Orleans Parish Courthouse
Chris Miller/WWL

The man who allegedly set fire to a New Orleans house killing three children inside remains at large.

Surveillance video shows a person walking out of the house on America Street near Dwyer Road as the house becomes engulfed in flames. That person then gets into a car and drives away. According to investigators, the children's mother told authorities that their father told her he intended to burn the house down.


Police say they know who the suspect is, but they have not released his name.

According to one legal analyst, what authorities know right now is enough for the district attorney to seek the death penalty when the case goes to court.

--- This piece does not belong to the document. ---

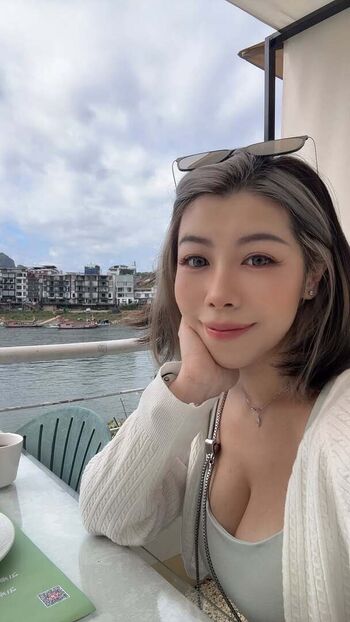 Full leaked Cathy fitness private onlyfans photo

"You're committing another felony in connection with the murders," WWL's All Things Legal host Doug Sunseri said, citing the statutory requirement for first-degree murder in Louisiana.

Sunseri says this is a cut-and-dry capital murder case. Although it's been 27 years since a New Orleans jury handed down the death penalty in a murder case... Sunseri says the gruesome murder of three children could sway a jury to vote for execution.

"Typically, you have a lot of death penalty cases that there are some mitigating factors such as the police investigation or you have sort of a bad guy that you can blame for the crime or be partly responsible for it," Sunseri said. "In this case, when you have a father killing three of his children, this would probably be an ideal case to try the capital murder case for the death penalty. I don't think they get more gruesome than this, and I don't think there's any mitigating circumstances in this fact scenario to where they would not."

Sunseri says he would surprised if District Attorney Jason Williams seeks the death penalty in this case.

"I think reality has hit him as far as some of the idealism as he had entering as a district attorney," Sunseri said, adding that Williams's time in office and what he's experienced during that time makes him much more apt to seek the death penalty in this case. "I think early in his term, he would not, but I think he's evolved in the last three years."